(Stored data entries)
==================================================

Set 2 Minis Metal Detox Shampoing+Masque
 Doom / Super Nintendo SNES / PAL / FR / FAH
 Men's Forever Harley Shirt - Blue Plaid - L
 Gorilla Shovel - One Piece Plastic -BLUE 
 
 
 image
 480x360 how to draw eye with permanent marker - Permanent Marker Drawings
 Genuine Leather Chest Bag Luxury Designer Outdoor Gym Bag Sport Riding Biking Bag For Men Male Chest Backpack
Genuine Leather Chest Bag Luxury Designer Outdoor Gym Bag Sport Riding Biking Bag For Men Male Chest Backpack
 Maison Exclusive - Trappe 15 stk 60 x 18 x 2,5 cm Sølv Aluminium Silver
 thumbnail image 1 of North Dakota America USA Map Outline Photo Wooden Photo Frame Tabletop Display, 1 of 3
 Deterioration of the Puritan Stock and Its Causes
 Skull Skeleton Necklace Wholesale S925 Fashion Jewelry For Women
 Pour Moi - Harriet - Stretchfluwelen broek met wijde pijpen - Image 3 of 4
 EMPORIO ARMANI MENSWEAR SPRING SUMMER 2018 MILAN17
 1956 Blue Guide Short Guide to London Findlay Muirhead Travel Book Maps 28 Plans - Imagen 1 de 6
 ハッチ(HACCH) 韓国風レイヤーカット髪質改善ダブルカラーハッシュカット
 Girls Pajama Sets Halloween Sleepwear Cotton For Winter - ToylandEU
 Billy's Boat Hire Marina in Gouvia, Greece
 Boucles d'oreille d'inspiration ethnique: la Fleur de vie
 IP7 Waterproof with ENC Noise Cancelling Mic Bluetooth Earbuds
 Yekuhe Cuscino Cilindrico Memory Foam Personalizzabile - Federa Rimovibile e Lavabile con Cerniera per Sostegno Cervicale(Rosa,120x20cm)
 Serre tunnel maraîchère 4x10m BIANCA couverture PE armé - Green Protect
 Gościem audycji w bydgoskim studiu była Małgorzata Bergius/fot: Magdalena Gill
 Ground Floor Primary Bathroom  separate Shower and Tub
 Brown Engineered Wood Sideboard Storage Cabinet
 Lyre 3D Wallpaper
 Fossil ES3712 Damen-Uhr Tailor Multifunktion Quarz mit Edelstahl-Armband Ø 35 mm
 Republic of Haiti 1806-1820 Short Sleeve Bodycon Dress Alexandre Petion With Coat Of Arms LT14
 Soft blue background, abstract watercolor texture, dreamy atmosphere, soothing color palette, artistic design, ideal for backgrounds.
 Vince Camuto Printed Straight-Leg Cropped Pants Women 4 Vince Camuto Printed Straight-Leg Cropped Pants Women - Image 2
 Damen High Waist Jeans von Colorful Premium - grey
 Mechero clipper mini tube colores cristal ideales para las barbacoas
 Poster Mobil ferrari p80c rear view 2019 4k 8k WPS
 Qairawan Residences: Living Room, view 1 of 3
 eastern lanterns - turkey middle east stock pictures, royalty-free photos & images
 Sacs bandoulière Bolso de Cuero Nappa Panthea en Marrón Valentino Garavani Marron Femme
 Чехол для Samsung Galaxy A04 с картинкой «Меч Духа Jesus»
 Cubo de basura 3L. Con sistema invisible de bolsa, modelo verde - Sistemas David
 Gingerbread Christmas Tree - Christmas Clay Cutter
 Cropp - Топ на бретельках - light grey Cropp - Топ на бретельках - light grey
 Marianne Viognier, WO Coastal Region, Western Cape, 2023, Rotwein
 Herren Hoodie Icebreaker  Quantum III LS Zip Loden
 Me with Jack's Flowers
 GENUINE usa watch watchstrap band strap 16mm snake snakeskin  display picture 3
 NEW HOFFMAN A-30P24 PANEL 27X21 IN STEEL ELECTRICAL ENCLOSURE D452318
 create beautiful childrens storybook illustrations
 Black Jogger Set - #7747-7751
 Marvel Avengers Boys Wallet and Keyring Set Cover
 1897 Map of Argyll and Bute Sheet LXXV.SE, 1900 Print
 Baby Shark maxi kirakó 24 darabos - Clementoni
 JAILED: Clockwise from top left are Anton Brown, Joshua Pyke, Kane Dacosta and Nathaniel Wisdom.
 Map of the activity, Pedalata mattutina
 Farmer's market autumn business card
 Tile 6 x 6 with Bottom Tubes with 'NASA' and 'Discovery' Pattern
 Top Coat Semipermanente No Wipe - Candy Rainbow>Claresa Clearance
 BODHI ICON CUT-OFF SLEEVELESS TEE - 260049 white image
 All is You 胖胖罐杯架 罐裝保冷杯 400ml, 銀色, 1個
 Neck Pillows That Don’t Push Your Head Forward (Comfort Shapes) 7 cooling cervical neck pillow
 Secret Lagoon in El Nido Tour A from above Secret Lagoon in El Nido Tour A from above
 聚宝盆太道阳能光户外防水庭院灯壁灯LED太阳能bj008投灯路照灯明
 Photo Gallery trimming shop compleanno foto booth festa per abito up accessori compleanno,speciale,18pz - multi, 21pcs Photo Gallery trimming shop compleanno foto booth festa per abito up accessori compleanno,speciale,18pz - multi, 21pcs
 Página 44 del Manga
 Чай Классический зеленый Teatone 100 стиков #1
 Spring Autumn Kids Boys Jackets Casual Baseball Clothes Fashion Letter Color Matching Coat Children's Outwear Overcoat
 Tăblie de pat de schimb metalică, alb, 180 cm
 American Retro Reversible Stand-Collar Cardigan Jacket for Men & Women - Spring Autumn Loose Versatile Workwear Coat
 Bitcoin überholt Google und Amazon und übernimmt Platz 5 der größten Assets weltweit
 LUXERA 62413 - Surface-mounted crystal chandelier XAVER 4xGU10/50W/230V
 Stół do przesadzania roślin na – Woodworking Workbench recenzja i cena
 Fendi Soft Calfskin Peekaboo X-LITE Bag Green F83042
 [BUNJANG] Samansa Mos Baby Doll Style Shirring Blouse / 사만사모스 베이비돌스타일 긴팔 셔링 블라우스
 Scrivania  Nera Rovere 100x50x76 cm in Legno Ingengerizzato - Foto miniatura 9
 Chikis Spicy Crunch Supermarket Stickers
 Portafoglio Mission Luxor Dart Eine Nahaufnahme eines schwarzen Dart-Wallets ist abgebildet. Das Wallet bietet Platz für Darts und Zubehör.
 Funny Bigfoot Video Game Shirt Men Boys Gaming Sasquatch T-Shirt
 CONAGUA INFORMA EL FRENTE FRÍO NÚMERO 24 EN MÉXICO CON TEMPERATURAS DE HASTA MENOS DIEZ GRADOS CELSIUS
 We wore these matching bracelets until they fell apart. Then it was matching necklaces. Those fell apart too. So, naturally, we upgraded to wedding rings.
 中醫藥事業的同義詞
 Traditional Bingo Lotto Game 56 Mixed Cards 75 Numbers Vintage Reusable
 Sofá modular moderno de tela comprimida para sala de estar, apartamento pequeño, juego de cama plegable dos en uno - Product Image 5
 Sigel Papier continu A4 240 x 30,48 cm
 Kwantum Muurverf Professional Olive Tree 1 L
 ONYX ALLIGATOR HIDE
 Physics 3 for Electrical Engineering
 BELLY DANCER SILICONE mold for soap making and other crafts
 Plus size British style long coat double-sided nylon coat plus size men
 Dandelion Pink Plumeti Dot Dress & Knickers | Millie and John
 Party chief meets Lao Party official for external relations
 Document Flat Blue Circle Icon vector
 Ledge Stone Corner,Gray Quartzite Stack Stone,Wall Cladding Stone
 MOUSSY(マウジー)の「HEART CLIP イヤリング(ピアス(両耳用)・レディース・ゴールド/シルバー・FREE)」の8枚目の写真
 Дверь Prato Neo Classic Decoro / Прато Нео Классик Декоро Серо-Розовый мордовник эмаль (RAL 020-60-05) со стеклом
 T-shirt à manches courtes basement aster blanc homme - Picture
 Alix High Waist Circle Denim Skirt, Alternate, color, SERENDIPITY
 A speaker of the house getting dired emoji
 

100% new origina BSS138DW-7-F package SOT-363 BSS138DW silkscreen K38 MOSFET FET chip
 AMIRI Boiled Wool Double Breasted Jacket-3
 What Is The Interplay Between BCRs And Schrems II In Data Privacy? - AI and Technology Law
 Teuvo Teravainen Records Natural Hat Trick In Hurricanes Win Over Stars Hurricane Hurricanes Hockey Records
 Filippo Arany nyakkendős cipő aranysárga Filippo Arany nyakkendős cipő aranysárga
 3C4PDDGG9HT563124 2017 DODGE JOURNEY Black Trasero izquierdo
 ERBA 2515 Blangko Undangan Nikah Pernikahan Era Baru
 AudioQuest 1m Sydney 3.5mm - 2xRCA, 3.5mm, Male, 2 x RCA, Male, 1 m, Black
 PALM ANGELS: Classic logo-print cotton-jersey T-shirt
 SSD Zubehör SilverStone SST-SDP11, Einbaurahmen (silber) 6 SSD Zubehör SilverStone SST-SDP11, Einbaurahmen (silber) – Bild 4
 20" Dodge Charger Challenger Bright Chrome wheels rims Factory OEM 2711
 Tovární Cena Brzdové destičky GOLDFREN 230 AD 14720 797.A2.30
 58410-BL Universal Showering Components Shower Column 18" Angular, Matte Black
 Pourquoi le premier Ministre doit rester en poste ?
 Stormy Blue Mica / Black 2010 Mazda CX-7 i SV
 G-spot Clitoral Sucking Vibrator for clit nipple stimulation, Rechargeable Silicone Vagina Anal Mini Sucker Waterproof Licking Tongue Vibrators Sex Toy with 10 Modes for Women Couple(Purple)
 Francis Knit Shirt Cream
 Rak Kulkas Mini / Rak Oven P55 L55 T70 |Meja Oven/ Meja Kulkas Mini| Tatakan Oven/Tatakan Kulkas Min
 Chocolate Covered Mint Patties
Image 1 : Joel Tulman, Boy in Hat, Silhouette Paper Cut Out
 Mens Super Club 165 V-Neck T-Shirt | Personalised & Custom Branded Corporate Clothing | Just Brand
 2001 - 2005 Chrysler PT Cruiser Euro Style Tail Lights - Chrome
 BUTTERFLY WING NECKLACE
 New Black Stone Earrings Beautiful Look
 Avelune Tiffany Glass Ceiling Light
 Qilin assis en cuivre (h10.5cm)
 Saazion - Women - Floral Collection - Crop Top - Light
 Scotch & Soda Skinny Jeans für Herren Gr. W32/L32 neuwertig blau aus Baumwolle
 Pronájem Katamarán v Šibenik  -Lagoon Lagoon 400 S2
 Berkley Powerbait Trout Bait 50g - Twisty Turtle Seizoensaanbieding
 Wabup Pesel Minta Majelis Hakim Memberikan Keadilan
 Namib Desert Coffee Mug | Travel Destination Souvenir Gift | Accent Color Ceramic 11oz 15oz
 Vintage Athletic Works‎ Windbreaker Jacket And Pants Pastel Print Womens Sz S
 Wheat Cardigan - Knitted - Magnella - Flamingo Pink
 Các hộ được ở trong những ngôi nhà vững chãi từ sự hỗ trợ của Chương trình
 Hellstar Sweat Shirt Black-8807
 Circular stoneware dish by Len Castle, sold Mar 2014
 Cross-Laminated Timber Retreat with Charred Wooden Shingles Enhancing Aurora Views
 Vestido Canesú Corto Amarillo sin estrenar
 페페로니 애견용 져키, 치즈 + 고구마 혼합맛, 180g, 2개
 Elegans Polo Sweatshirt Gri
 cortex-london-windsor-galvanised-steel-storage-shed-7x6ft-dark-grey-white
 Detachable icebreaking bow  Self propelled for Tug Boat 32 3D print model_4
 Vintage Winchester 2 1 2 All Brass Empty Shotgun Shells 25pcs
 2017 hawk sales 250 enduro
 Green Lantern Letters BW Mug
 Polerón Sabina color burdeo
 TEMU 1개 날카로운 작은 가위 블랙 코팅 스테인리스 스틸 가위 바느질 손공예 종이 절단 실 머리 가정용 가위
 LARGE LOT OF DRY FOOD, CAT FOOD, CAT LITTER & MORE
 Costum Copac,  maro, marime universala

==================================================

■ Task brief ■
Find the lines in the records that contain the word "Waist", then copy every one of them.

■ Response ■
 Damen High Waist Jeans von Colorful Premium - grey
 Alix High Waist Circle Denim Skirt, Alternate, color, SERENDIPITY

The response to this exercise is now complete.